Main #3: Octopus, homemade salami, tapenade (dehydrated black olives), melon, avocado. (3.5/5)
Melon and octopus and salami were pleasant enough, but the avocado cream was a bit too much, if applied in the volumes suggested by the dab.
Main #4: Rabbit Terrine, Corn Ice Cream, Apricot, Cucumber Yoghurt, Dabs of Hot Pepper (1/5)
Terrible, absolutely terrible. What was corn ice cream doing alongside a rabbit terrine? Not only was the dish bizarrely conceived, but the rabbit terrine was coarse, of uneven meat sizes, and some parts were dry. Was the terrine meant to be cold? Very well. But the terrine wasn’t cold, instead it was in the uncanny lukewarm zone, where it is just hot enough to suggest it should be a hot dish, and yet not hot enough, suggesting it was cooling after cooking. The lukewarm temperature was a turn-off.
Furthermore, the cold corn ice cream made for a very uncomfortable mouth-feel when eaten with the lukewarm, coarse, dry terrine. Really, really bad dish. I did like the corn ice cream on its own, so it salvages one point. The appearance of ice cream so early on, also may have played havoc with my appetite.
Main #5: Ricotta Gnocchi, White Truffle Foam, Popcorn (3.5/5)
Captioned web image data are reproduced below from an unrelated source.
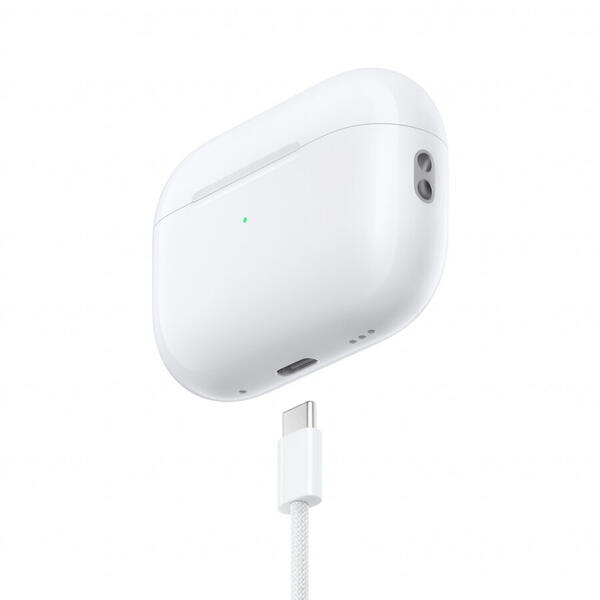 Casti True Wireless Apple AirPods Pro 2 cu MagSafe Case (USB-C) 2023, Bluetooth, ANC, Wateproof IP54, Touch Control, Alb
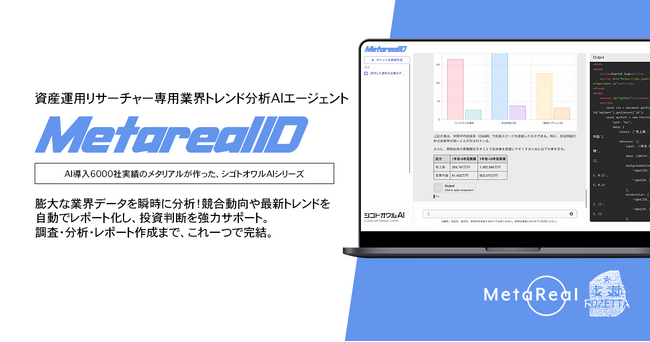 【メタリアル・グループ】業界トレンド評価レポート作成AIエージェント「Metareal インダストリー(Metareal ID)」6/6提供開始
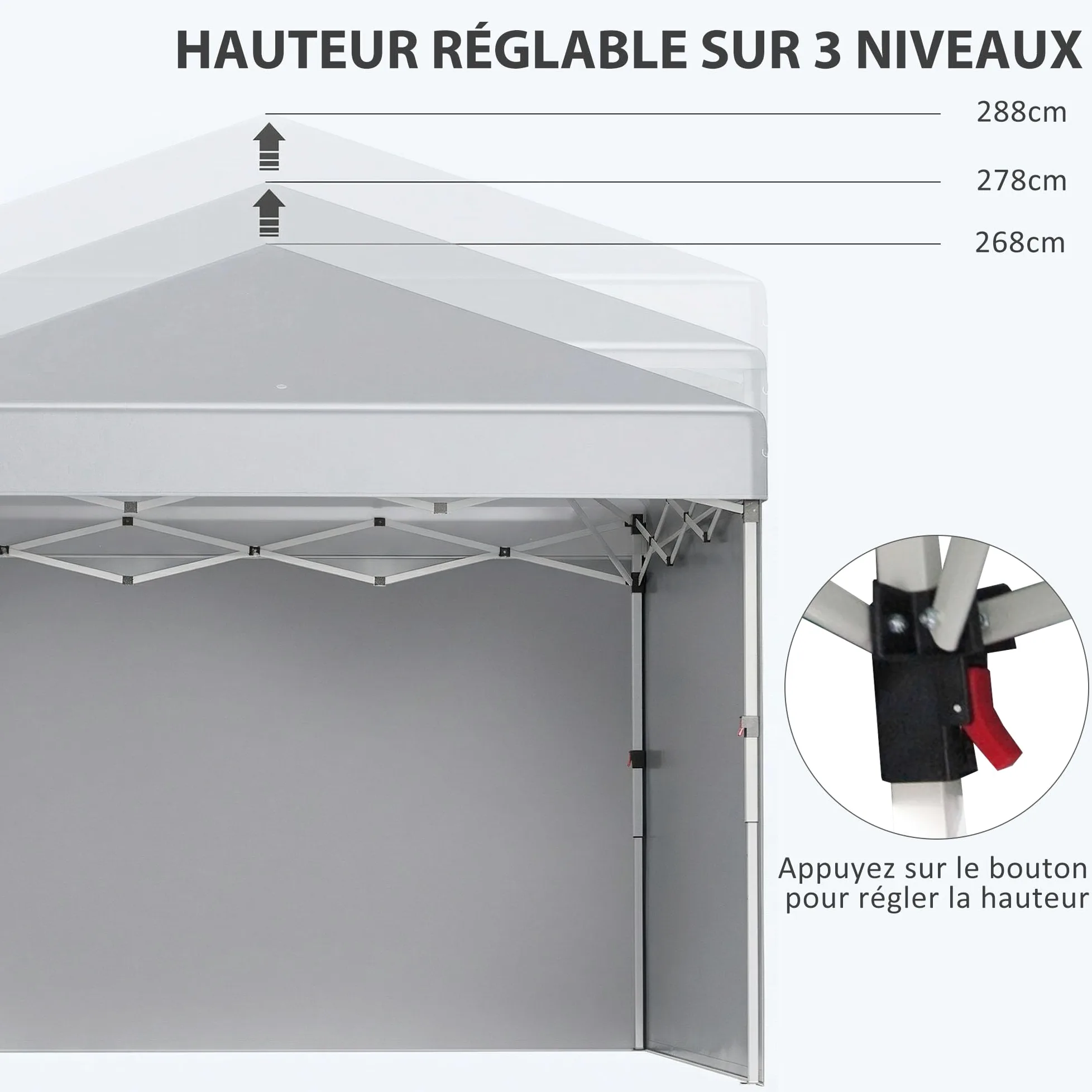 Outsunny Tonnelle de Jardin Pop-up Pliant Barnum réglable en Hauteur Protection UV 30+ 2 parois latérales - Sac de Transport Inclus - pour fête, événement Plein air - 297 x 297 x 288 cm Gris Clair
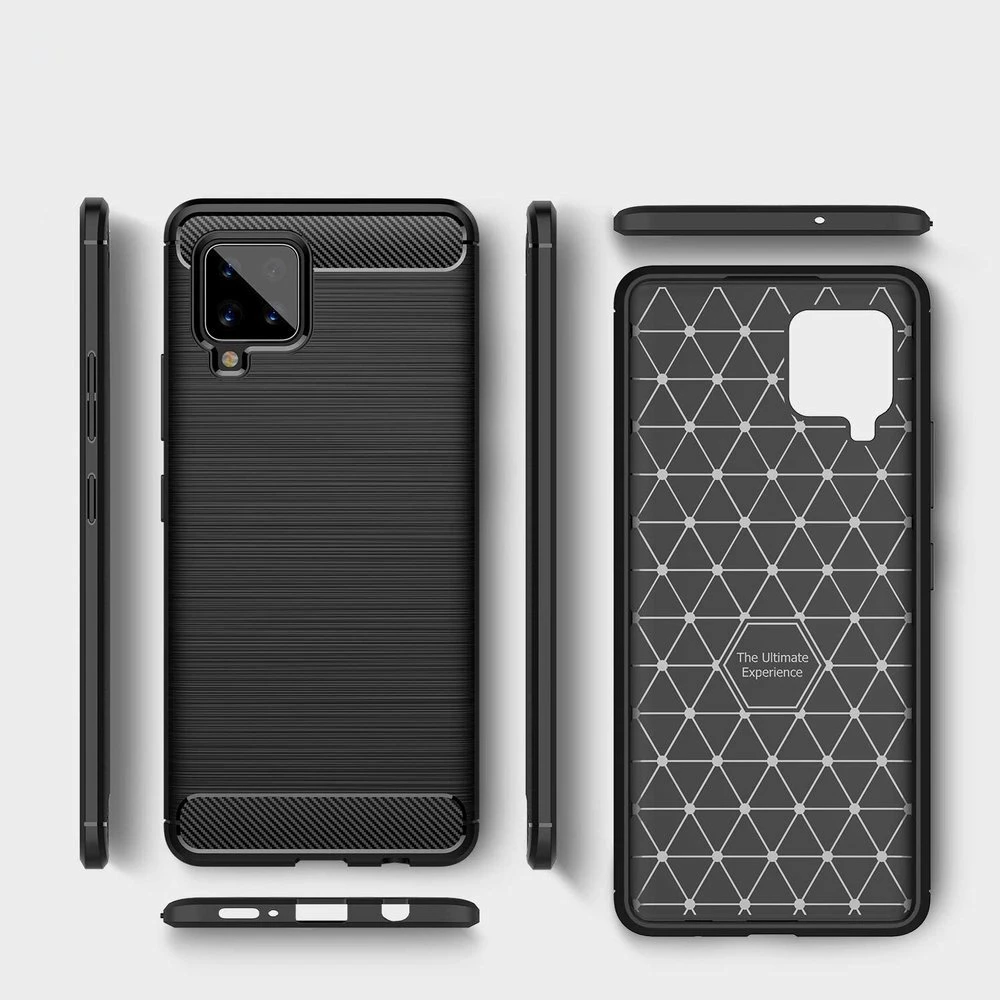 Mbështjellës Hurtel Carbon Case për Samsung Galaxy A42 5G, TPU, Blu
One of their specialties. Finally, a dish that was served on a plate that was actually hot. It was not bad, though not mind-blowing.
Main #6: Quail, Malbec Reduction, Dried Fruit Sorbet. (0/5)
This time the plate was at room temperature again, due to accommodating a hot and a cold element. The quail was overcooked, to a ashen grey colour that was reminiscent of a very dead thing. The skin was bland, as if it had no seasoning. Terrible. Perhaps the ice creams were the kitchen’s way of apologising for inflicting such mal-conceived ideas upon paying diners.
Main #7: 24 hour lamb, eggplant, thyme yoghurt, Mediterranean vegetables (2.5/5)
“herbs set on fire on top of lamb”
Again, plate and meat were lukewarm. The lamb was roasted in the oven slowly for 24 hours, and the meat picked to form a lukewarm and greasy terrine. The redeeming quality of this dish was the crust of lamb on top of the picked meats, which was crispy and quite okay.
Melon, White Chocolate Granita, Licorice and Balsamic Vinegar Reduction (4.25/5)
Strawberry sorbet, Blueberry Leather, Panna Cotta dabs (3.25/5)
Okay, if unexciting. Quality of fruits weren’t the absolute best I’ve had.